Consumer confidence will play an increasingly important role in supporting stock prices as earnings show signs of rolling over.
The other day, I wrote about how the price/earnings multiple is strongly correlated to the level of consumer confidence. It makes sense: The more confident people are about the economy, the more sure they will be that earnings will grow—and the more they’ll be willing to pay for any current level of earnings.
Looking at the chart, you see something of a gap between consumer sentiment and stock prices, which is troubling. But today’s figures suggest consumer confidence has moved back up, to a nine-month high, which should provide some support.
This matters, because even as confidence continues to grow, earnings growth is deteriorating. Despite good news from some fairly high-profile companies, the overall tenor is downbeat. Here are some of the details as reported by FactSet, as of the end of last week:
- The percentage of companies beating estimates is below recent averages.

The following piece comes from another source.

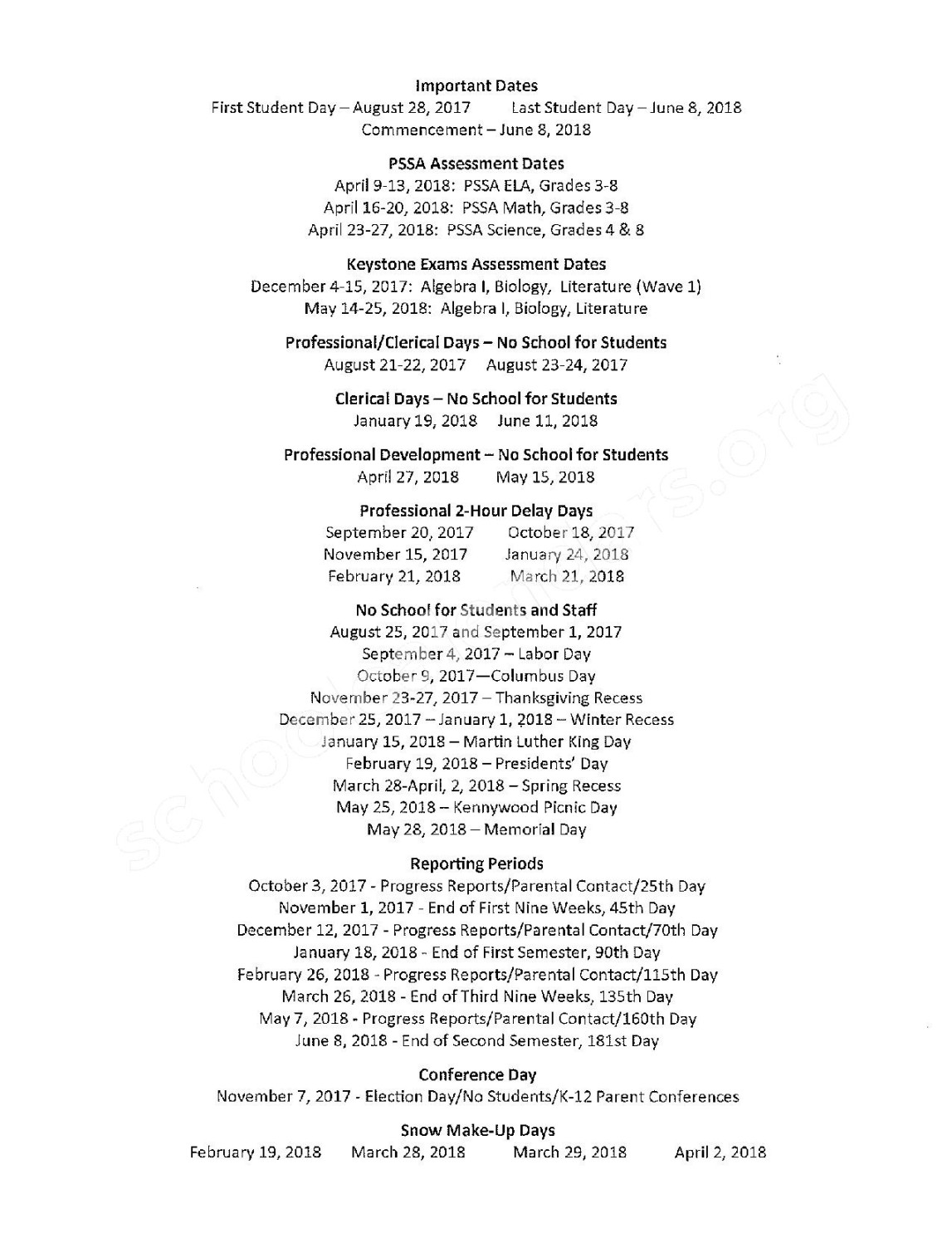 Penn Hills School District Calendars – Pittsburgh, PA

- Earnings actually declined for the quarter so far, for the first time since the third quarter of 2012.
- 60 percent of companies that have issued guidance for the second quarter have been negative.
- Revenue growth is now below what was expected at the end of March.

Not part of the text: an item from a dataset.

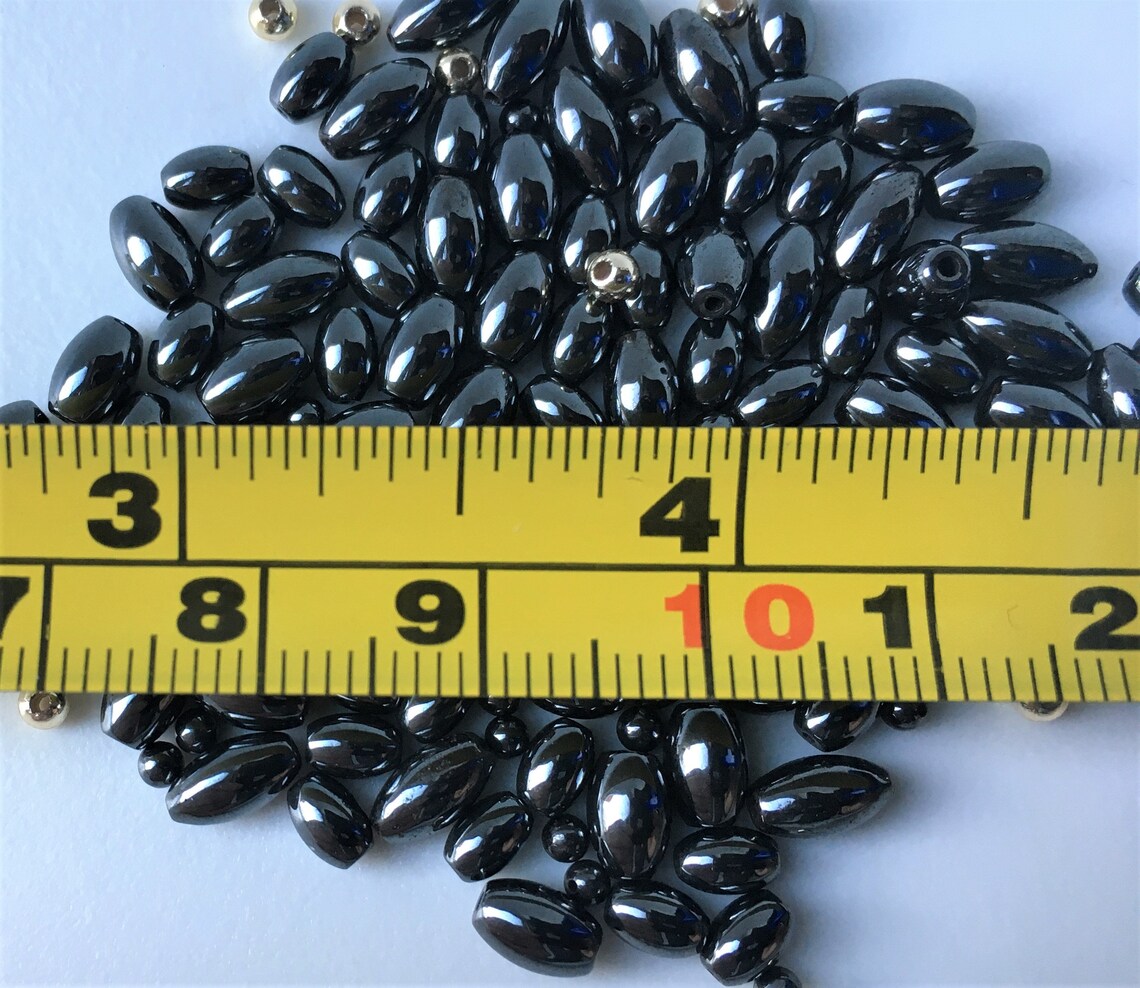 Vintage Black Glass Oval Beads Size Mix of 5mm7mm Length Etsy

You can, justifiably, blame much of this on the weather, and that is what companies are doing. Expectations for future earnings growth remain high, at double digits in the second half of the year, suggesting that investors are buying the weather story.
These numbers should change in the next week or so; the results of the 161 companies that have reported this week may make a positive difference. Even if they don’t, rising confidence—and the apparent belief that the weather is to blame for much of the current earnings weakness—may limit any damage.
At the same time, the high level of future expectations against the current growth level suggests that risk levels will remain relatively high for the rest of the year. It’s hard to see what the catalyst might be to push earnings growth up to the expected levels, and investors should be cautious in pricing the market against that expected growth.